Work required
Starting at the line that contains "Toggi Firework Childrens", transcribe every remaining line of the data below exactly, and omit all pictures.

Segment Start: Given information

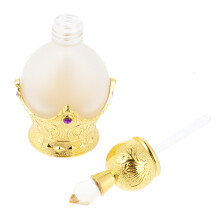 butelka szklana 15 ml na perfumy retro z kroplówką do olejków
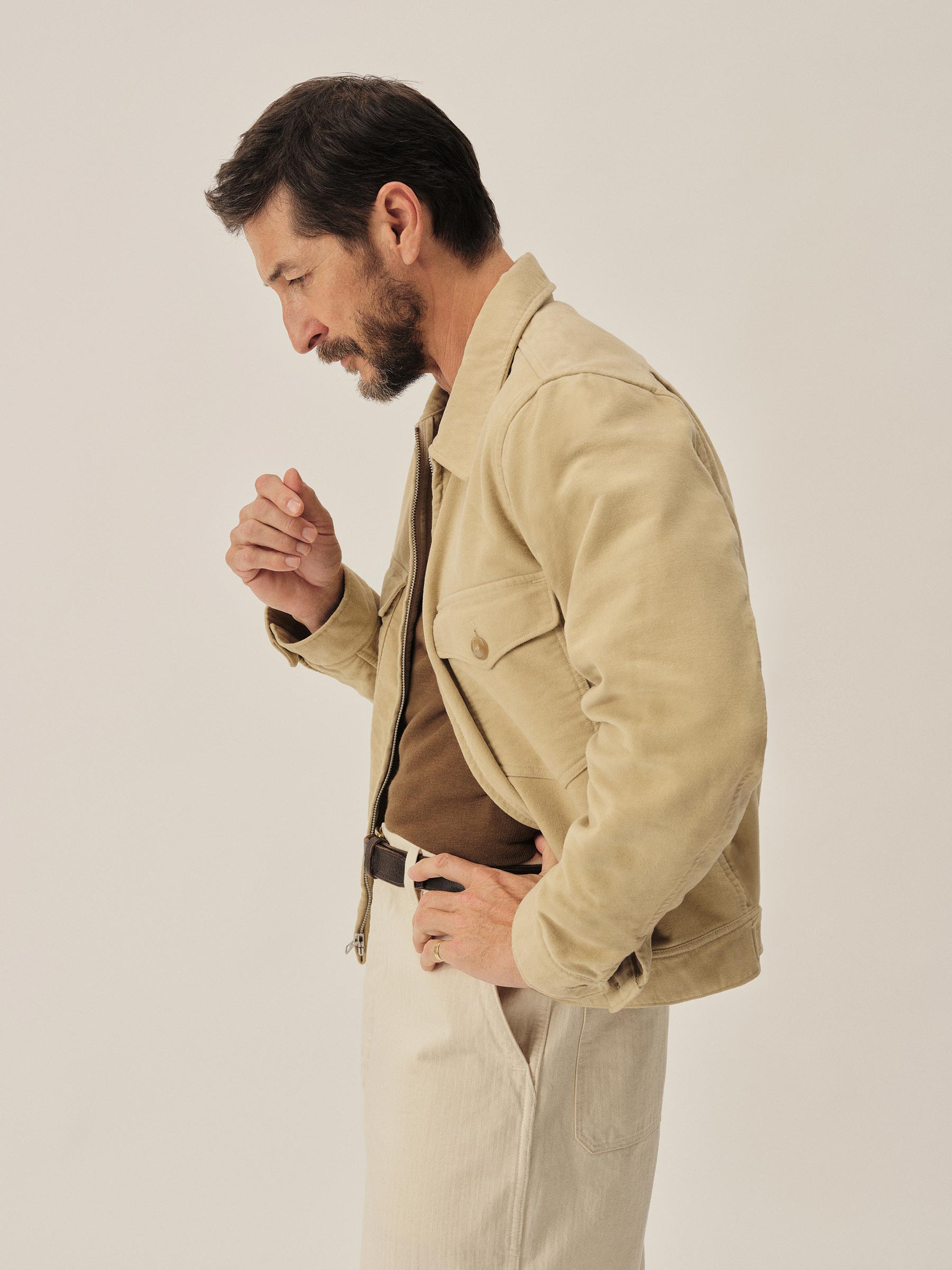 Palo Santo Italian Doeskin Station Jacket - Image 6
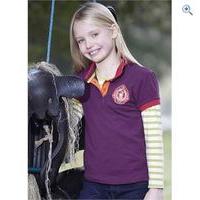 Toggi Firework Childrens Polo Shirt - Size: 7-8 - Colour: Aubergine Purple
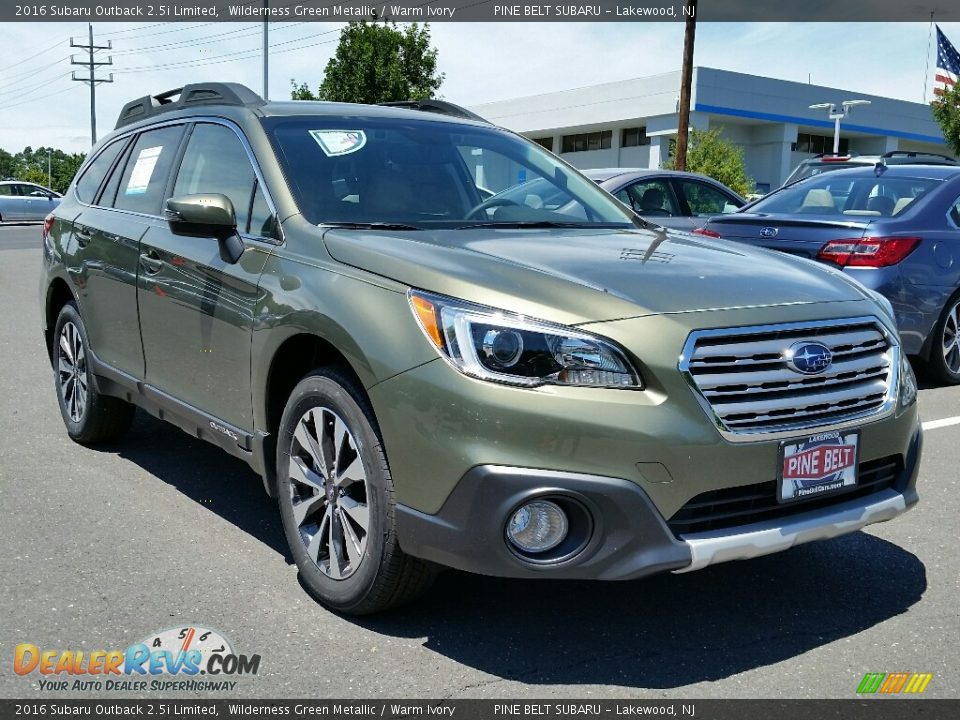 2016 Subaru Outback 2.5i Limited Wilderness Green Metallic / Warm Ivory Photo #1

Segment End: Given information

Task output
 Toggi Firework Childrens Polo Shirt - Size: 7-8 - Colour: Aubergine Purple
 2016 Subaru Outback 2.5i Limited Wilderness Green Metallic / Warm Ivory Photo #1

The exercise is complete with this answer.